More than 1,000 people who drive in the District can park illegally without fear of paying a fine, because their jobs exempt them from receiving tickets.
All 535 members of Congress receive the standard exemption allowing them to park at expired meters, in residential zones without a permit, and at the end of streets where there are no "no parking" signs as long as the car they are driving has official license plates.
D.C. Council members and the mayor also get the parking perks, and advisory neighborhood commissioners are exempt from meter charges, said Mary Myers, spokeswoman for the Department of Public Works.
"The exemption is primarily to give city officials some flexibility to do the jobs they are elected and/or paid to do," Ms. Myers said.
"Being able to park in residential zones and meters allows them to attend meetings with residents at churches and schools and other places where parking may be hard to find," she said.
Less-high-profile positions come with parking privileges, too.
Nearly every city agency is assigned a small fleet of vehicles with city government plates. While on official business, city workers driving the cars are exempt from several D.C. parking laws.
The privileged include public works and consumer and regulatory affairs inspectors, tree cutters, social workers and even parking enforcement officers frequently out of the office in locations where on-street parking is scarce.
The exemptions come with some limits: A vehicle parked in loading zones, rush-hour routes during restricted hours 6:30 a.m. to 9:30 a.m. and 4 p.m. to 6:30 p.m. or in front of fire houses, fire hydrants and identified no-parking zones (excluding entrances) will be ticketed.
"The exemptions apply to the official plates on the vehicle and not the individual," said Regina Williams, spokeswoman for the Department of Motor Vehicles.
The Bureau of Traffic Adjudication, the DMV's sister agency, is the final authority on determining the validity of all ticket fines and exemptions. Miss Williams said that, regardless who is driving, a federal or D.C. government vehicle will not be ticketed.
Foreign diplomats and ambassadors frequently have special, on-street parking available to them and do not get exemptions.
Ms. Myers said no one has an exemption for a personal vehicle.
Parking perks for officials have been criticized recently. D.C. Council members recently voted to increase parking fines, after approving the parking exemptions for themselves in July. The higher parking fines are part of a revised budget to cut spending and boost revenue to offset a potential $323 million deficit.
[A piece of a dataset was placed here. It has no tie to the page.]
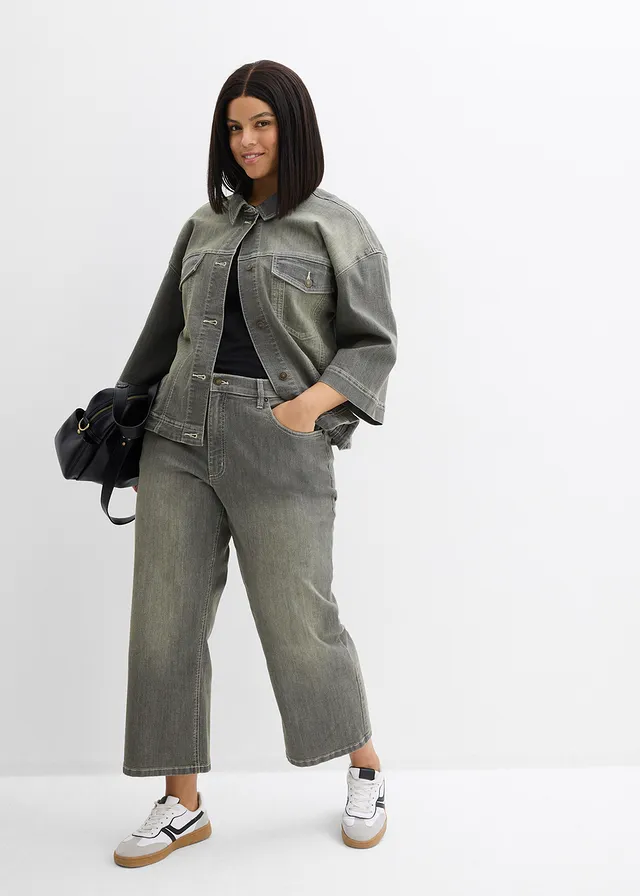 Wide leg jeans high waist, cropped, Kleur: grijs denim-olijfgroen used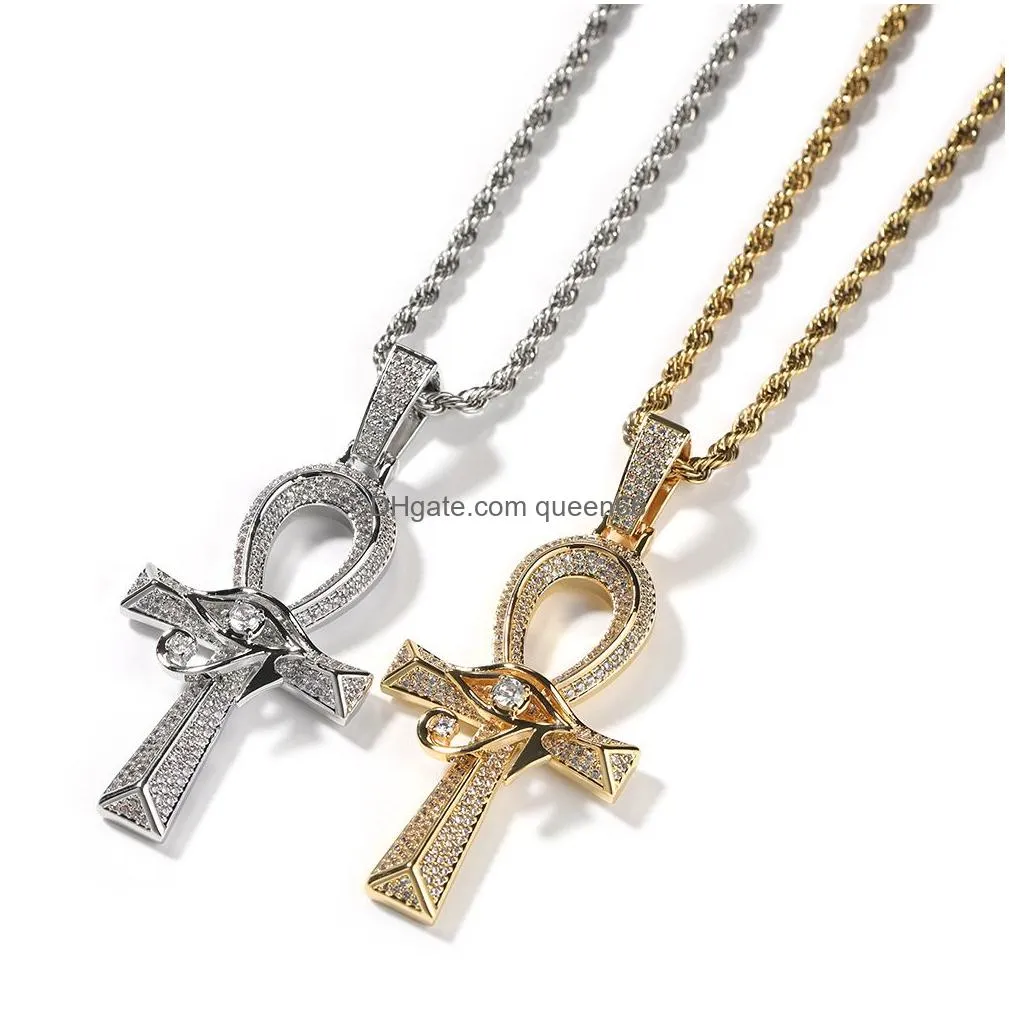 diamond cross pendant necklace platinum plated religious jewelry for men and women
For instance, fines for parking in an alley, disobeying an official sign, parking in a no-parking zone and parking for more than two hours in a residential parking area without a permit will be raised from $20 to $30. Expired-meter tickets will increase from $15 to $25.
City officials this year expect to surpass the more than $51.2 million collected last year from parking-meter fees, tickets and fines. The city has collected about $11.5 million a year in parking-meter revenue since 1998, when digital meters were installed.